A menu just doesn't seem to be a good standard to set - it strikes me as impersonal, and inadequate to establish if a meeting will be pleasant and fulfilling.
If anything, I'm closer to a private chef than a crowded Yelp reviewed hot spot. If I prepare the same experience day in and day out, I'll get bored of it - and it risks becoming boring.

So how do you make sure you'll be meeting up with someone who has the same tastes as you?

Contrary to what many think, setting up a first encounter is simple enough, actually. Not very different of getting any other kind of first contact with someone - as long as politeness and respect are present, I'm personally very open to meeting with people of various backgrounds. 
My open mindedness does have its boundaries though - I simply cannot promise a hundred per cent a certain kind of service to someone I have yet to see face to face.

That, for me, is part of being independent in the way I meet people. The fact that I am perfectly at ease to set limits, voice what I don't wish to partake in and ask for what I desire makes my encounters unique and authentic - and that is very precious to me.

So, what should you expect from your first meeting with an independent companion?
First and foremost, expect to meet a person. Many reputable companions go to great lengths in order to put media out that reflects who they are in an honest way. Twitter, websites and blogs are out there to help you find someone with who you'll be able to build chemistry.

For me, companionship is about sharing time and experiences - which ones are entirely up to us to discuss. Communication  is key - without knowing what you gravitate towards, it will be harder for your companion to offer you the best possible meeting. 
So rather than ask for a list of services straight out the gate, take the time to figure out what would make an encounter truly magical to you.

Is it heading out in the cobbled streets of Old Montreal after a great diner and signing sweet love songs? Is it spending some time at a risque soiree you've heard about but are too timid to go to alone? Is it enjoying the opera knowing your date for the evening is not wearing underwear?

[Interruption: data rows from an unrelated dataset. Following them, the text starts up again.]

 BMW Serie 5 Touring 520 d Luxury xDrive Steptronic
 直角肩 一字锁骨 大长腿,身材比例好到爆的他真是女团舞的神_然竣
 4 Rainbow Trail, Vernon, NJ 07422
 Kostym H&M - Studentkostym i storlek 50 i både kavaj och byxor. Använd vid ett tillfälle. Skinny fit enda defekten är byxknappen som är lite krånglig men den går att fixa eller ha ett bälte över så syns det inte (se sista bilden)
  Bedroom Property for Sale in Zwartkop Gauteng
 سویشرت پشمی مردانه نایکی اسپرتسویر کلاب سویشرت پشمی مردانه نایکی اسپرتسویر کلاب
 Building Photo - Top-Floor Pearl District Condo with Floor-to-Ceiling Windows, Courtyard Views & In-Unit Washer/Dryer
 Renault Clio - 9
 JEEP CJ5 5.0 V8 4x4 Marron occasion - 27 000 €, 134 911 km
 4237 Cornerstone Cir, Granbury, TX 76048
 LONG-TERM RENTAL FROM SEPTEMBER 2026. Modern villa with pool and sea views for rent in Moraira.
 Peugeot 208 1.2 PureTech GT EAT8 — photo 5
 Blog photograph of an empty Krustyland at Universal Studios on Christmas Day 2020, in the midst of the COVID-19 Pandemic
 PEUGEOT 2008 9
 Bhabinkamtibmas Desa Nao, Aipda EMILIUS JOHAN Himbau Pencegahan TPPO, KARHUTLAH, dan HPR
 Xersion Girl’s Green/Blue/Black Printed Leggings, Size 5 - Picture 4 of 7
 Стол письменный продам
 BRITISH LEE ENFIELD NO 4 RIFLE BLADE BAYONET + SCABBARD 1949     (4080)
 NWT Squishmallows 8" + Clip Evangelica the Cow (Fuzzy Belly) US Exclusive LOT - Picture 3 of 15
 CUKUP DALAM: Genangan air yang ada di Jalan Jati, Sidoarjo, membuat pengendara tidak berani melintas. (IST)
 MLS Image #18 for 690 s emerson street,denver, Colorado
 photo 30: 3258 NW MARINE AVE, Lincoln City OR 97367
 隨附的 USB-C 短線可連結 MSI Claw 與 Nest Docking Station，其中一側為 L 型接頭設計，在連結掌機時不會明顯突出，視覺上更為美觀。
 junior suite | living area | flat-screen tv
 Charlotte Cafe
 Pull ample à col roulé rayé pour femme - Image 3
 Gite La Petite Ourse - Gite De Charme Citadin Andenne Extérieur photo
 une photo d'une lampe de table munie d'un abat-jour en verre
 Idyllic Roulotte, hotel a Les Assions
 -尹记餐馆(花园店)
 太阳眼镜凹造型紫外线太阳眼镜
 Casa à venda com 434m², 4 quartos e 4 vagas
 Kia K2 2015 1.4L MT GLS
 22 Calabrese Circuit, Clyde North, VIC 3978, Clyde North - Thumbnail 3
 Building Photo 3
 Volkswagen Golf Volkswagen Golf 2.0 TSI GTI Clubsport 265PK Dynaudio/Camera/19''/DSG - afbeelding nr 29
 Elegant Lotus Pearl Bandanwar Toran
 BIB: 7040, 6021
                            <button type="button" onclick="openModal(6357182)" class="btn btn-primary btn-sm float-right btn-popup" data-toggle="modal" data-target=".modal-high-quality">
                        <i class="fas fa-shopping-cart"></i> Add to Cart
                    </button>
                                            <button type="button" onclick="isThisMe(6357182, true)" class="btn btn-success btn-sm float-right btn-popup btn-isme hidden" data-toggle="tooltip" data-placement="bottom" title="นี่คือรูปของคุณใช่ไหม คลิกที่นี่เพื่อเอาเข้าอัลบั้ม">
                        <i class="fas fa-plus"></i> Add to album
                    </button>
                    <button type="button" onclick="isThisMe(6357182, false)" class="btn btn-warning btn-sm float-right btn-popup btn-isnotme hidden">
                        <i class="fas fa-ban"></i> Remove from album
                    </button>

Search for what awakes your senses - a little bit of introspection might bring some delicious spices to the table, so to speak

So now, how do you get in touch?

Sure, most ladies offer one or more ways to contact them on their website - however, a few details on how you contact someone will have a direct impact on whether they get back to you or not. In other words, paying attention to the way you introduce yourself could hold the key to an electric encounter. 
Some courtesans are a little shy when it comes to graphic language. Others, less so. Reading their websites and their Twitter will give you a little insight. Try to take the general vibe of  the person into account when you imagine a rendez-vous with them. 
If you have specific desires, try to voice them in a clear, respectful way.
Should your requests be of an erotic scenario, please use your words in a concise and respectful manner, avoiding pornographic links. Having opened sensitive material in public in the past, I can assure you it is the absolute best way for me to not contact you back! 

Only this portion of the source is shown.